Cuando se cierran los ojos, se vuelve una sorda y ciega, y se va a otro lugar, a un lugar seguro, donde estamos solas y nadie nos puede tocar; donde nuestra sacralidad y nuestra inviolabilidad son las únicas leyes que se sostienen.
Una amiga, sabia de su experiencia, me ha explicado de un modo muy sencillo esa pasividad que los jueces no han sabido leer: es como hacen los animales, te finges muerta, te paralizas, te ausentas. Y así no hace falta ver un vídeo para comprender, cuando algo por un instante desaparece, se va lejos, y su cuerpo se queda a merced de las garras de quienes están a su alrededor.

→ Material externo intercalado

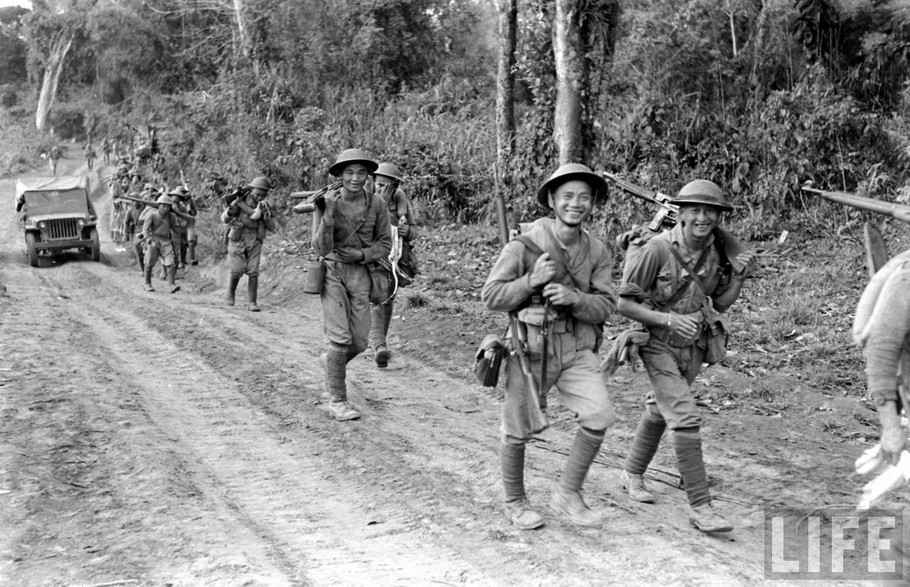 新中国承认中国远征军，历史记忆与民族精神的彰显，新中国承认中国远征军，历史记忆与民族精神的彰显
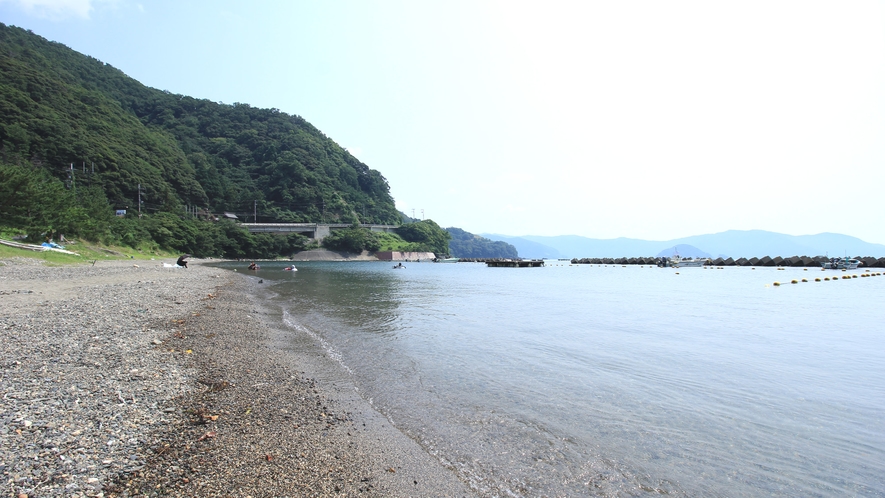 遊子海水浴場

Muchísimas mujeres, desde el día de la sentencia, han decidido empezar a gritar contra una ley que hay que cambiar, sosteniendo con confianza a una chica que no se debe sentir sola ante una ley que no ha sido escrita para hacer justicia sino para amplificar el alcance de la violencia.
La impunidad legalizada del patriarcado español parece haber llegado a su último acto.
Todas esas mujeres que están diciendo no y esos hombres que están reconociendo autoridad femenina poniéndose en contra de una ley insensata, llenan de pasión la diferencia sexual, restituyéndole sentido político con su corte de veracidad.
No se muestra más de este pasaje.